## INSTRUCTIONS FOR THE TASK
Your task is to output the listing exactly, leaving every image out.

## INFORMATION PROVIDED
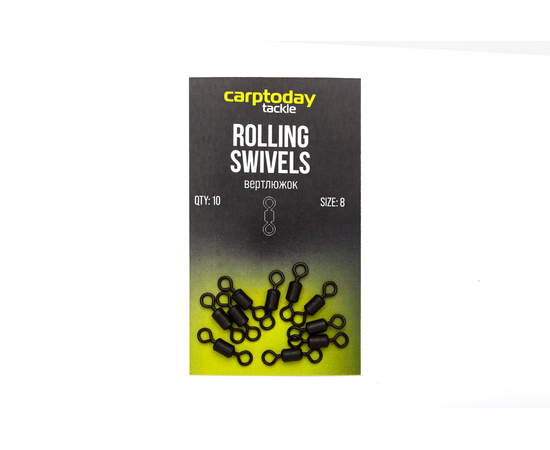 Вертлюжки Carptoday Tackle Rolling Swivels, Размер: 8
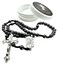 Westmon Works First Holy Communion Rosary Hematite Bead and Saint Michael Centerpiece Catholic Deluxe Set with Matching Case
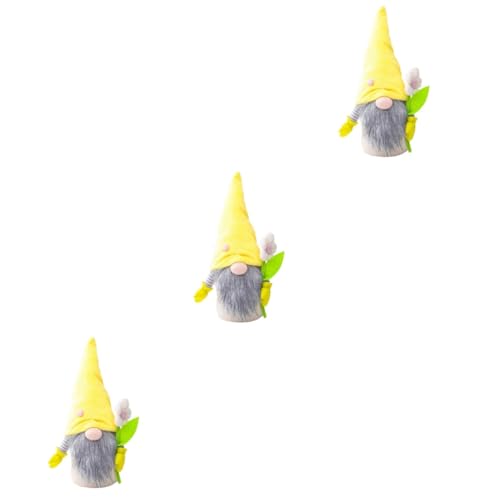 TOPPERFUN 3 Stck. Blumenförmige Puppe Puppendekoration Plüsch GNOME -Puppe Muttertagspartydekoration Lieferungen zum Muttertag Muttertagsgeschenk Puppe Stoff Yellow TOPPERFUN 3 Stck. Blumenförmige Puppe Puppendekoration Plüsch GNOME -Puppe Muttertagspartydekoration Lieferungen zum Muttertag Muttertagsgeschenk Puppe Stoff Yellow von TOPPERFUN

## SOLUTION TO THIS TASK
 Вертлюжки Carptoday Tackle Rolling Swivels, Размер: 8
 Westmon Works First Holy Communion Rosary Hematite Bead and Saint Michael Centerpiece Catholic Deluxe Set with Matching Case
 TOPPERFUN 3 Stck. Blumenförmige Puppe Puppendekoration Plüsch GNOME -Puppe Muttertagspartydekoration Lieferungen zum Muttertag Muttertagsgeschenk Puppe Stoff Yellow TOPPERFUN 3 Stck. Blumenförmige Puppe Puppendekoration Plüsch GNOME -Puppe Muttertagspartydekoration Lieferungen zum Muttertag Muttertagsgeschenk Puppe Stoff Yellow von TOPPERFUN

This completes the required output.